Most people have a "black box" mentality when it comes to detecting and measuring chemicals. Just throw some sophisticated electronics inside a box and you can instantly detect and accurately measure any chemical that may be present, they believe.
How can we blame most people for thinking this way? When the public hears about chemical analysis it comes across in simple terms, without information on its limitations.
Take for example the Galileo space probe. A man-made object travels more than a million miles from earth and sends back data on the chemical composition of Jupiter's atmosphere. Sure that's what it did. But did it measure all the chemicals in Jupiter's atmosphere? No. Were the measurements highly accurate? Not really; there is a lot of room for error.
But I don't believe the pubic thinks about Galileo's limitations in conducting chemical analysis.

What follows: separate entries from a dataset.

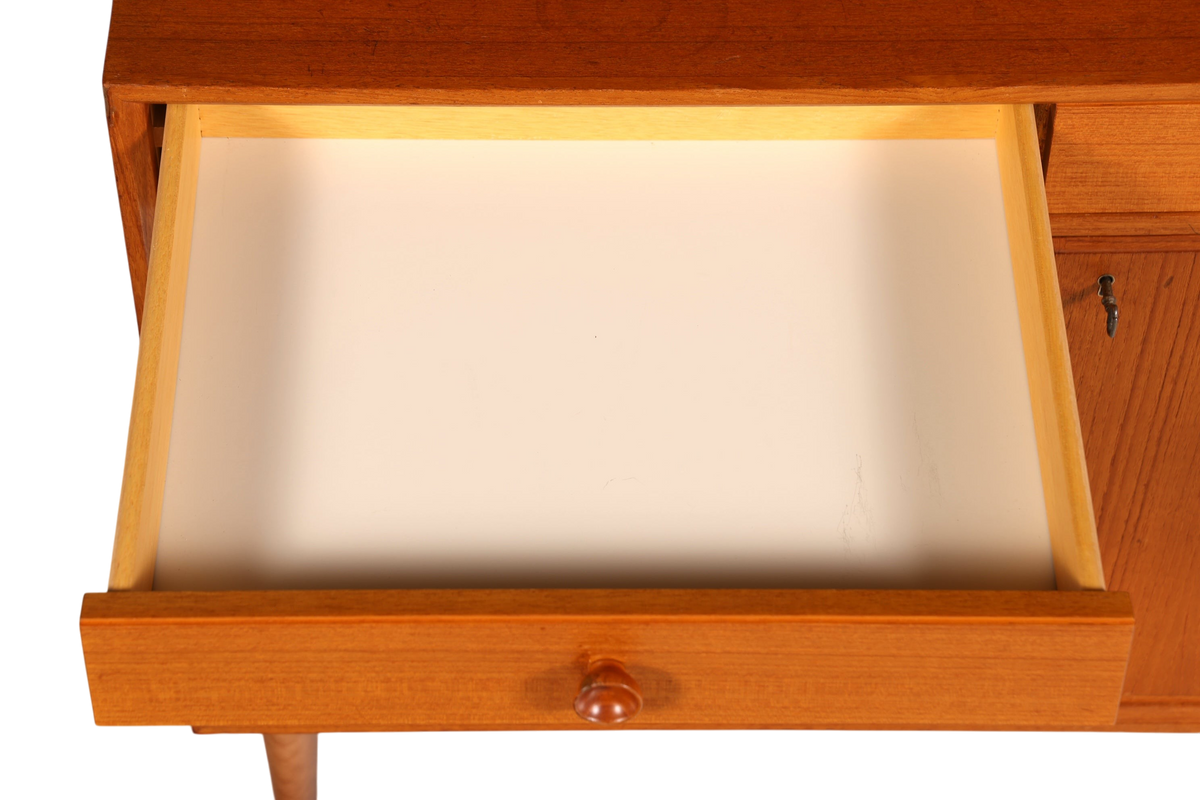 Wunderschönes Mid Century Regal Danish Design Teak Holz Schrank Retro Bücherregal Kommode 1 von 2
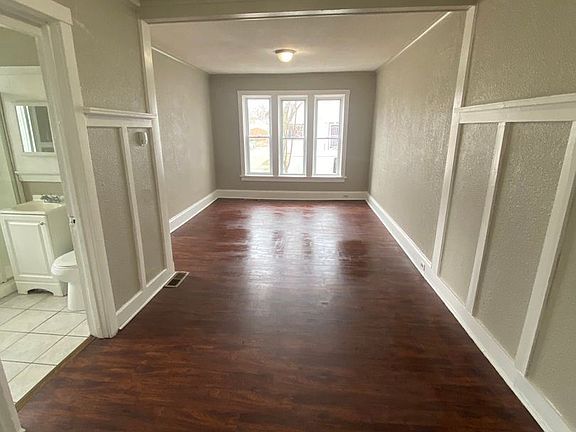 4th image of 419 W Clarke St #11040094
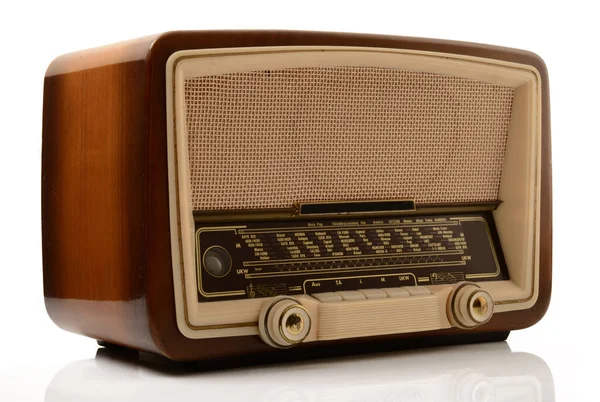 Vintage rádió fehér háttér — Stock Fotó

To an employee, if an old space probe can measure the atmosphere of a distant planet, what's the big deal about measuring the air around where he or she works?
The reality of detecting and accurately measuring chemicals may be best illustrated in a 1995 Associated Press photo of Japan's investigation of the Aum Shinri Kyo's compound. Aum Shinri was the doomsday cult that used poison gas in an attack in a Tokyo subway. It was believed that more poisons would be found at the Aum Shinri Kyo compound. Surely Japan, a leader in the development of sophisticated electronics, would use its best chemical detecting and analysis tools when investigating the Aum Shinri compound. A Japanese official was suited up in a respirator and other chemical protective gear. In his outstretched arm was the poison gas detector. If my life was in danger from unknown poisons, I too would have chosen this detector above all others. My only regret is that I would not like to watch the canary die.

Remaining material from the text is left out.